Educators might consider how their curricula perpetuate specific voices and narratives at the expense of others. What message is the content they share sending to students? How often do teachers show their students LGBTQ+ artists? Why do teachers often erase the identities of LGBTQ+ artists when sharing them in the classroom (Lampela, 2005)? Ledo (2017) considers the narratives that are perpetuated [End Page v] in classrooms to be part of “a hidden heteronormative curriculum” (p. 5). As a result of changes to the content they share with students, participants, and museumgoers, art educators can challenge the heteronormative curriculum and disrupt notions of what art is supposed to be and do, and who it is made by and for.

Part of the struggle for LGBTQ+ inclusive curricula in schools is that “there has historically been a fear of queerness in education” (Greteman, 2017, p. 196). The oversexualization of queerness has made it difficult to foster support of LGBTQ+ issues in education. Many educators view LGBTQ+ issues as inappropriate or impossible to teach about, especially in public schools where teachers are pressured to focus on standards of learning. Addressing sexuality is “a hard thing to do at a time when art educators are pressured to structure their curricula on formal principles, making emotional and social content an addendum to the main (formalist and technical) agendas” (Gude, 2003, p. 5). The reality is educators are potentially doing harm to their students by not showing them representations of LGBTQ+ lives in what they teach. Check (2004) argues that “we don’t have to choose between color wheels and social issues—both are necessary” (p. 181). And, as the field of art education expands into community and museum spaces, so should our intent to queer those spaces as well.
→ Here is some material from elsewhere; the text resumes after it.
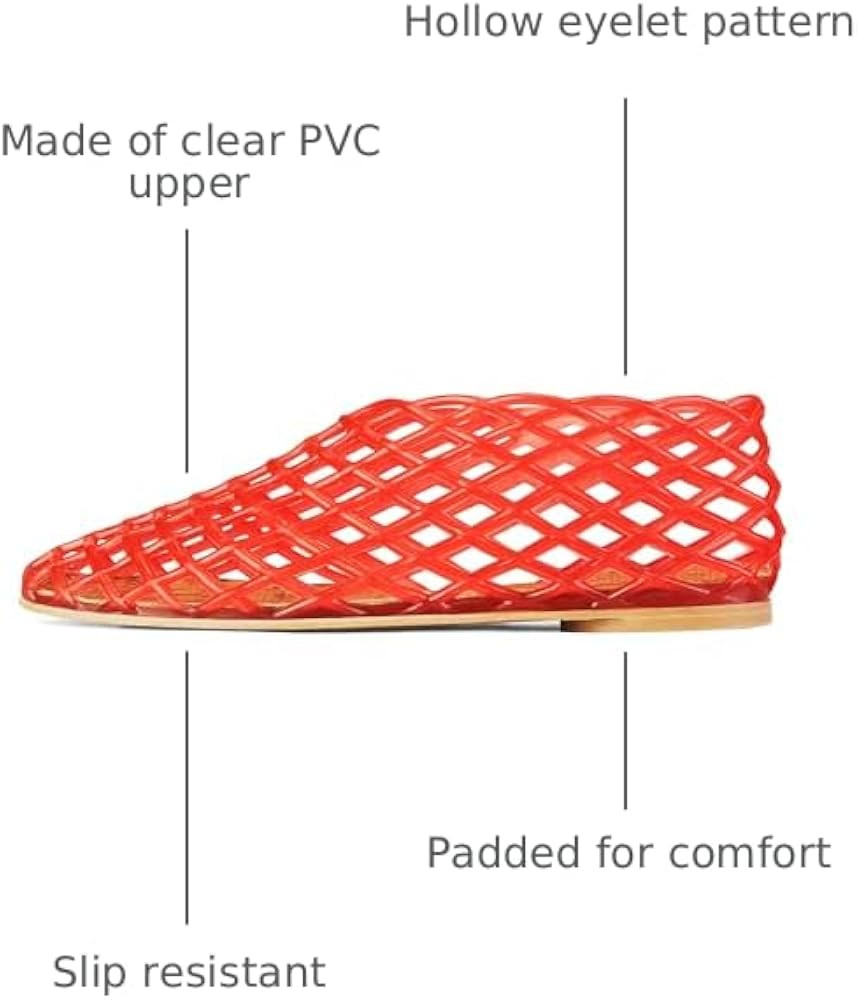 Jelly Mesh Ballet Flats for Women Fishnet PVC Clear Hollow Jellies Sandals Comfortable Beach Ball... | Amazon (US)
So I would like to present to you an issue of VAR dealing explicitly with some of the complexities of Queering Art Education at the end of the second decade of the 21st century. Articles selected for this issue include a historical analysis of queer film festival posters (Huth); two conversational works about Blackness and queerness (Grant); queer dialogues on illness and disability (Bradshaw & Ria; Attias); perspectives on what working in a queer affirming space does for a pedagogical, queer body (Yang and Hsieh; Kletchka, Acuff, Morris, Sanders, & Savage) and the antithesis of that (Manning); and a chronological history of a decade-long queer performance at the annual conference for the National Art Education Association (Sanders, Rhoades, Cosier, & Wolfgang). I would like to sincerely thank one of my former graduate students, Patrick Carter, for lending his voice to this editorial note.

In solidarity,
Courtnie

Courtnie N. Wolfgang
Virginia Commonwealth University

Acknowledgments

I would like to thank my former graduate student, Patrick L. Carter, for sharing in the task of composing the editor’s note.

References

Check, E. (2004). Queers and art education in the war zone. Studies in Art Education, 45(2), 178–182.
Greteman, A. J. (2017). Helping kids turn out queer: Queer theory in...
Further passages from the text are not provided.